Smith was rejected back in 1917 even though his commander had written about his catching the fallen colors when the color sergeant carrying them had been shot. The government never acknowledged it. Suspecting racism, Caruth sought to reverse that decision. She went to Washington, DC where she lobbied politicians and contacted historians, but this being during the era that the Klan was growing and segregation strong, she found no one to help her. When she, due to old age, was no longer able to continue with her venture she asked her nephew, Andy Bowman, to continue this one last battle for his grandfather. Caruth gave him a box which contained Smith’s civil war pension records, a notarized statement from an eyewitness to the November 30, 1864 Battle of Honey Hill, along with letters and postcards. Also in the box was the rejection letter from January 3, 1917. Citing “conspicuous gallantry,” Smith had been nominated by a white surgeon who had served with him in the 55th Massachusetts.

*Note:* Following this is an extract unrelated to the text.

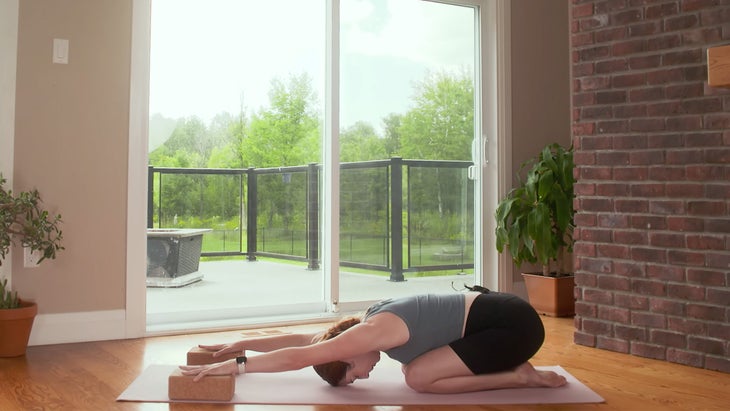 Woman kneeling in Child's Pose with her hands on blocks during a 20-minute power yoga practice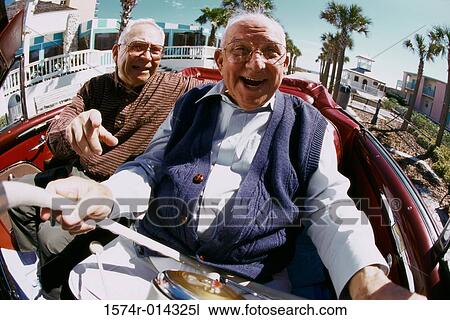 Portrait of two senior men sitting in a convertible car View Large Photo Image Stock Image - Portrait of two senior men sitting in a convertible car. Fotosearch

Bowman visited archives in Pennsylvania and New York, courthouses in Illinois and Kentucky plus battlefields in Virginia, Florida and South Carolina finding even more evidence of his grandfather’s gallantry. After seven years of research, Bowman contacted a military official who wasn’t at all encouraging, saying too much time had elapsed. Finally he enlisted the help of Sharon McDonald, a military historian at Illinois State University. McDonald and one of her students submitted a new application using Bowman’s research and citing over 80 medals had been awarded during the war for saving the flag. They also noted that, being black, Smith would have been a prime target for the Confederates, making the action even more courageous.

Finally, last year, the military lifted the time restriction and approved the medal. Illinois U.S. Rep. Thomas Ewing from the county Smith was from introduced a bill to honor Smith. On December 16, 2000, the 80 plus year dream of Caruth Smith-Washington came true and Andrew Jackson Smith’s final battle had finally been won.

To read more about Smith you can go to
 (Black Civil War soldier earns Congressional
Medal of Honor) or
 (Civil War soldier finally honored for Lowcountry heroics 8/30/00.

The following poem “The Black Heroes,” author unknown, published in William Lloyd Garrison’s “Liberator” February 5, 1864 was shared with the members of the American Civil War History special interest group in the Genealogy Forum on AOL by Kathy Dhalle.

“When shell and ball were falling fast
Upon the battle plain,
Brave heroes fought of sable caste
Amid that leaden rain
No flinching eye or faltering step
Was seen along that line
But firm and bold their muskets kept,
And to the fire kept time.
O, must they calmly die at last,
Those heroes black and brave,
With prejudice still clinging fast —
O, must they die as slaves?
Ah, let the siege at Wagner tell
Of each heroic deed,
When Shaw and others bleeding fell,
How black men took the lead!
Brave Carney, too, of sable blood,
By patriot pride impelled,
Though wading through th’ opposing flood,
Our glorious flag upheld.
‘Ah! boys, it never touched the ground.’
Were the brave words he said,
When quietly they laid him down
Among the other dead.
And must such noble deeds
Our fetters stronger bind,
Or shall they to fair Freedom lead,
And make us all mankind?”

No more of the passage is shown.